今日は前回の記事の島精機SDS-ONEのPassioneの独自の使いかたも含めて退色した毛皮の色を補色して、限りなくもとに近い状態に戻すときの色の構成を探す方法を少しだけ書いてみようと思います。以前書いた記事ではレスポールスタンダードというギターの退色と毛皮の退色が似ていることを書きましたが、今回は、その退職した毛皮の色を元に戻す方法を簡単に説明してみます。

以前は退色した赤を薄く補色することで元の色に戻そうとしていました。濃い色なら、それで近い色に戻っていましたが、薄い色になると、赤を単純に薄く補色しただけでは元にもどらないことに気付き、SDS-ONEのグラフィック機能のなかにモニターキャリブレーションがあり、そのカラーセンサー機能を使って色の構成と構成量のバランスを調べることにしました。

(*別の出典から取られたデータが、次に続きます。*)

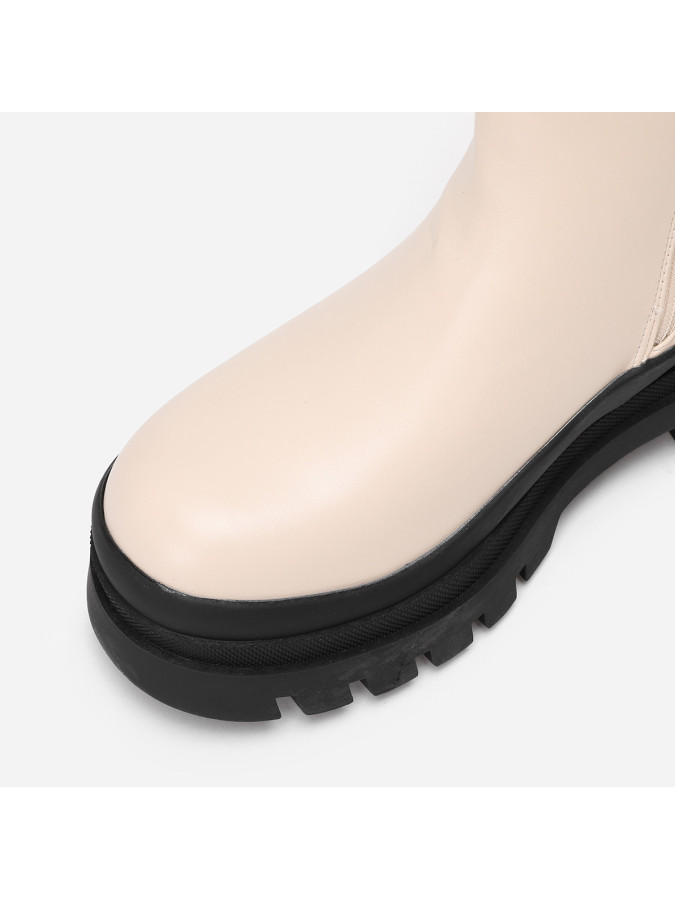 Bottines chelsea beiges en simili crantées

その後、その構成色に対して赤を強めにした色をモニターで確認し、よければその作成した色の構成色に近いバランスで染料を作り補色をしていきます。染め方については様々な方法がありますので都度お試しいただくのがいいかと思います。

この方法だと、かなりの完成度の高さで補色ができます。但し、この方法はあくまで補色に過ぎません。これが出来るからといって一着丸ごとを染め直しできるということではありません。

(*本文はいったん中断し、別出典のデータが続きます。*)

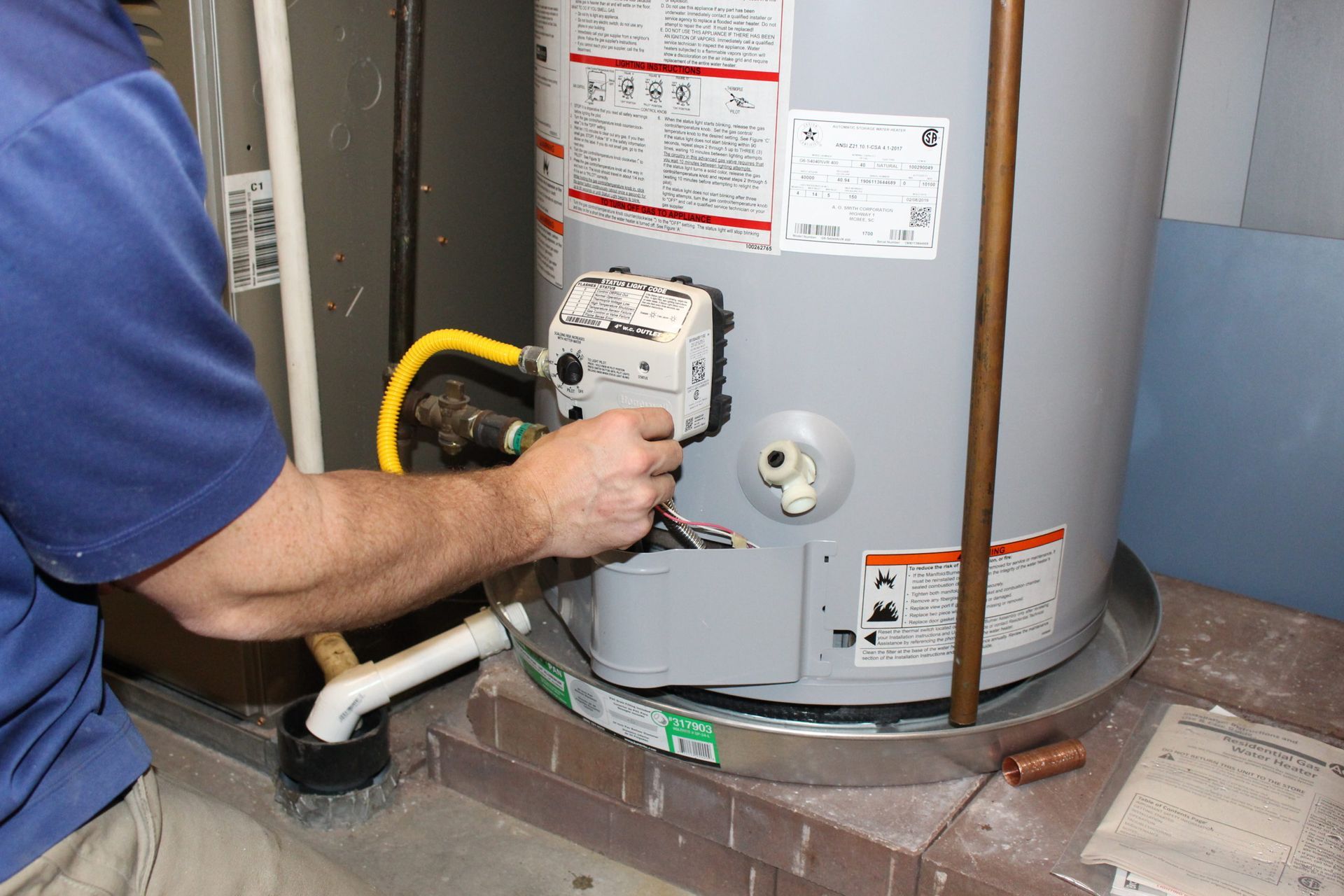 A man is working on a water heater in a basement.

当社のようにコンピュータを使って構成色を調べるというようなことを毛皮業界でやっているところは、おそらく弊社アトリエ以外ではないと思いますが、私たちがよく染色の依頼をする染色屋さんは、すべて過去のデータやそれぞれの技術者の計算や勘で行われていて、より専門的な技術や設備が必要になります。

そして、私たちがやっている技術も染色屋さんの技術解説をもとに探りながら見出したものであり、染色屋さんを超えるというようなものではなく、お客様と向き合う中で必要に迫られて始まった仕事のひとつということです。

ですから、アトリエでやるような補色の作業と、元々の染色の技術とでは大きな差があります。きっと、専門の技術者なら色を見ればおおよその色の構成は解るのでしょう。

しかし、普段から色を専門的に扱うことのない私たちでも、そんな専門の技術を持っていないからといって、私たちがやる補色がいい加減なものでいいとは言えません。ですから、当アトリエにあるコンピュータやコンプレッサーやそれ以外の様々な設備を駆使して独自の補色技術を開発し、お客様のコートの褪色を元の色に戻すというサービスをしています。

写真はモニターキャリブレーションをしたり、色の構成色を検出する道具でEYE-ONEというメーカーのカラーセンサーです。

毛皮の色は光を吸収することで色の発色のしかたが違い、色も微妙に変化しますが、この機械で読み込むとパーフェクトではありませんが、おおよその構成色のバランスはわかります。是非機会があれば、SDS-ONEの後継機種のAPEXを使って毛皮の色をカラーセンサーを使って計測してみてください。